Hillsborough County Commissioner Pat Kemp talks about the importance of removing the monument earlier this summer. Credit: Kate Bradshaw

Hillsborough County Commissioner Pat Kemp talks about the importance of removing the monument earlier this summer. Credit: Kate Bradshaw
Another month, another reversal on the decision whether to remove a controversial Confederate statue on a Hillsborough County courthouse annex site in downtown Tampa.

On Wednesday, the Hillsborough County Commission voted to bar the removal of Memoria en Aeterna, a statue installed in downtown Tampa in 1911 during the Jim Crow era — unless advocates for its removal can raise more than $130,000 to cover part of the costs for its removal within 30 days. 

Adding insult to injury for civil rights advocates, a later vote designated pro-Confederate activist David McCallister to a council that supposedly aims to promote diversity.

Passage of the measures — which Commissioners Pat Kemp and Les Miller opposed (Al Higginbotham, who joined them in past votes, was absent) — followed a tense discussion. 

Miller, who first brought the issue to the commission in June, expressed skepticism about the motive behind the motion.

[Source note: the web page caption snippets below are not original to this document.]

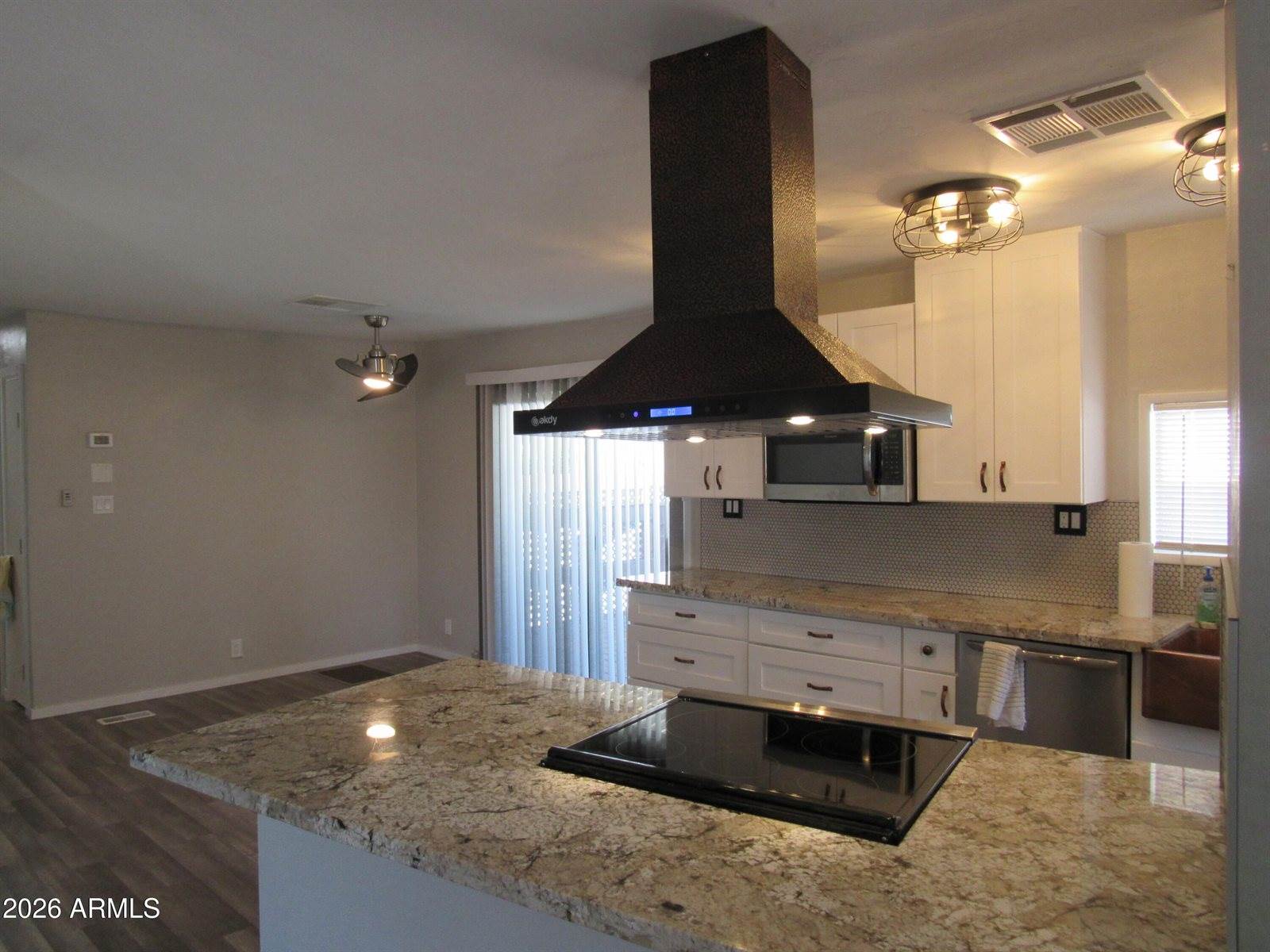3411 South Camino Seco --, Tucson, AZ 85730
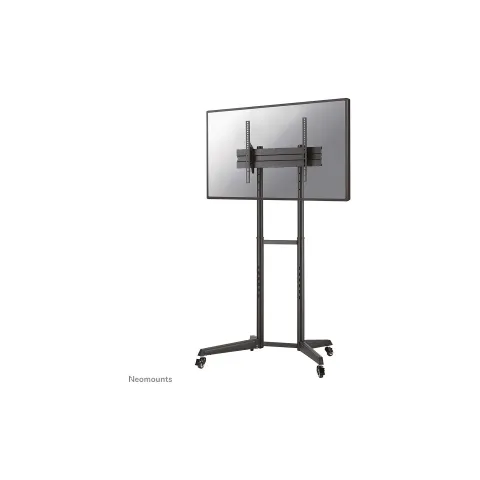 Neomounts Bodenständer für 37-70' Bildschirme 50KG FL50-540BL1 Schwarz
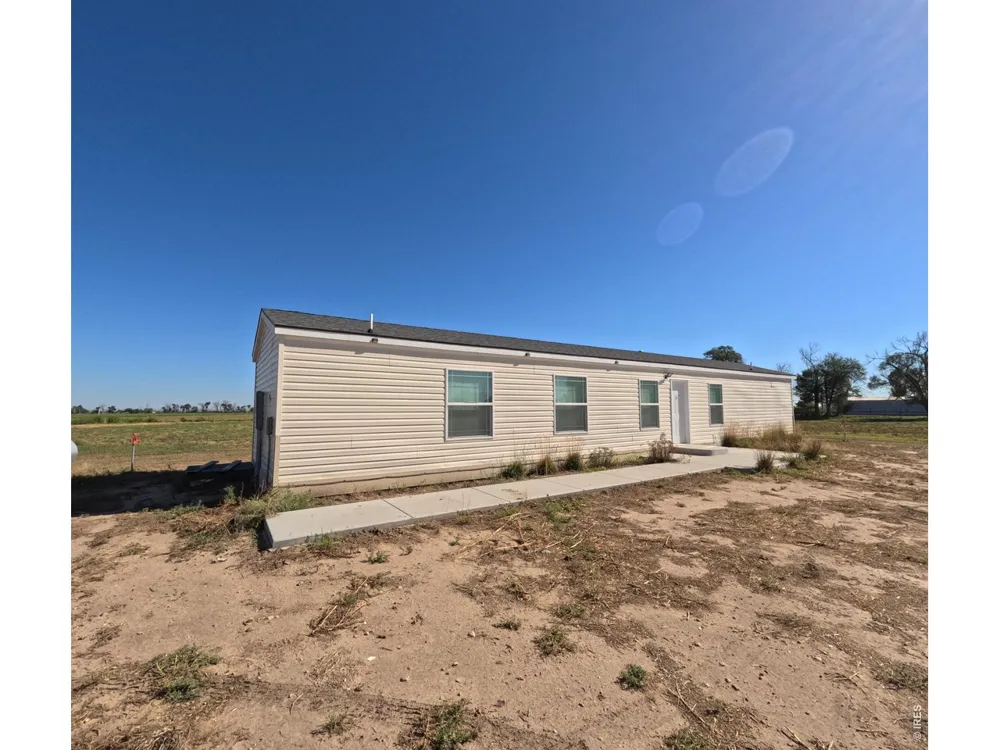 4421 County Road U Wiggins, CO 80654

He suggested it was a back-door way to keep the statue in place.

"Hillsborough County, the progressive county we are, will let a Confederate monument stay while everyone else is taking theirs down. I will be highly surprised if we are able to raise those dollars in 30 days. I don't think we will. I think that monument will stay," Miller said, according to Fox 13.

There are multiple GoFundMe accounts that aim to raise the money, and this one has raised the most.

Commissioner Victor Crist, who proposed the motion to ask the private sector to raise enough money to cover half its removal, expressed confidence that citizens would step up. Crist had previously been on the fence about the monument's removal. In June, he voted to keep the monument in place, albeit with a work of art celebrating diversity in the background. He later said he supported its removal, but was out of town for the July vote in which four commissioners supported its removal.

In response to Wednesday's actions, civil rights advocates are planning a press conference to lay out their response to the latest reversal, calling Wednesday's vote "an act of cowardice and pandering to the very white supremacist, neo-Nazi, neo-Confederate extremists condemned in recent days by a broad, bipartisan spectrum of Americans."

They compared the actions of Commissioners Crist, Ken Hagan, Sandy Murman and Stacy White to those of the white supremacists whose gathering in Charlottesville, Virginia led to violence and even death last weekend, people whose actions and beliefs are objectively wrong and destructive.